A teacher decides to give toffees to his students. He asks n students to stand in a queue. Since the teacher is very partial, he follows the following rule to distribute toffees.
He looks at the first two students and gives more toffees to the student having higher marks than the other one. If they have the same marks they get the same number of toffees. The same procedure is followed for each pair of adjacent students starting from the first one to the last one.
It is given that each student receives at least one toffee. You have to find the number of toffees given to each student by the teacher such that the total number of toffees is minimum.
The first line of input contains the number of students n (2 ≤ n ≤ 1000).
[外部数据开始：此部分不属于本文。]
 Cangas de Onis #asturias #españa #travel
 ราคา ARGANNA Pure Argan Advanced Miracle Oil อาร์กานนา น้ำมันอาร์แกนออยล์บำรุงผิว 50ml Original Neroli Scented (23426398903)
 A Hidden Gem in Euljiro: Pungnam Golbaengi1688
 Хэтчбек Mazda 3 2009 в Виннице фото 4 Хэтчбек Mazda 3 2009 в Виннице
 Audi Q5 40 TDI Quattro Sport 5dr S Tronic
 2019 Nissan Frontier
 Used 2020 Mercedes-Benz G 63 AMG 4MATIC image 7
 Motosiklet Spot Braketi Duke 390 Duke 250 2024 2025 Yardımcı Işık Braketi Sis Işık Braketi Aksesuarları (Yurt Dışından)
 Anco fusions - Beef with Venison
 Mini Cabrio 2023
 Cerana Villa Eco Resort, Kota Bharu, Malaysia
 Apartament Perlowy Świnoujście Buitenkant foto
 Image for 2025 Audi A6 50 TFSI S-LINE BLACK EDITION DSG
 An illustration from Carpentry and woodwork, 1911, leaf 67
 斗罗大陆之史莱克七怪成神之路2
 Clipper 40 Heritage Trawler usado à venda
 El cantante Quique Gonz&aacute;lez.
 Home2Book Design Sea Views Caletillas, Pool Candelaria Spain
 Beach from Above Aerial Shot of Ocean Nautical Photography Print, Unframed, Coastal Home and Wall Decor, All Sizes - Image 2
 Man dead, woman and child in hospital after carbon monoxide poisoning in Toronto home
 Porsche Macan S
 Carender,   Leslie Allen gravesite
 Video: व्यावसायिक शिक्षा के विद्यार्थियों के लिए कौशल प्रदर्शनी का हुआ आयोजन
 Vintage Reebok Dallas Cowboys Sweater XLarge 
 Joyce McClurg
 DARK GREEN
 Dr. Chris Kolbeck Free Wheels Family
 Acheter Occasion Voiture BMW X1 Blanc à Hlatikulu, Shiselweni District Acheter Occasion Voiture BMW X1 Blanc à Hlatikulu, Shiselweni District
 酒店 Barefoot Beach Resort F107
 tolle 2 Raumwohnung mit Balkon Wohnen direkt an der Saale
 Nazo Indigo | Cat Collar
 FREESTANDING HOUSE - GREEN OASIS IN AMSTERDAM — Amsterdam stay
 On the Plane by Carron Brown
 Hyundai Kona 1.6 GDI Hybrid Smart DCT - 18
The second line gives (n - 1) characters consisting of "L", "R" and "=". For each pair of adjacent students "L" means that the left student has higher marks, "R" means that the right student has higher marks and "=" means that both have equal marks.
Output consists of n integers separated by a space representing the number of toffees each student receives in the queue starting from the first one to the last one.
5 LRLR
2 1 2 1 2
5 =RRR
1 1 2 3 4
题目大意:
一共有N个人站成一排,对应每相邻的两个人都能确定两个人分到的糖果数谁更多一些(当然也可能相等)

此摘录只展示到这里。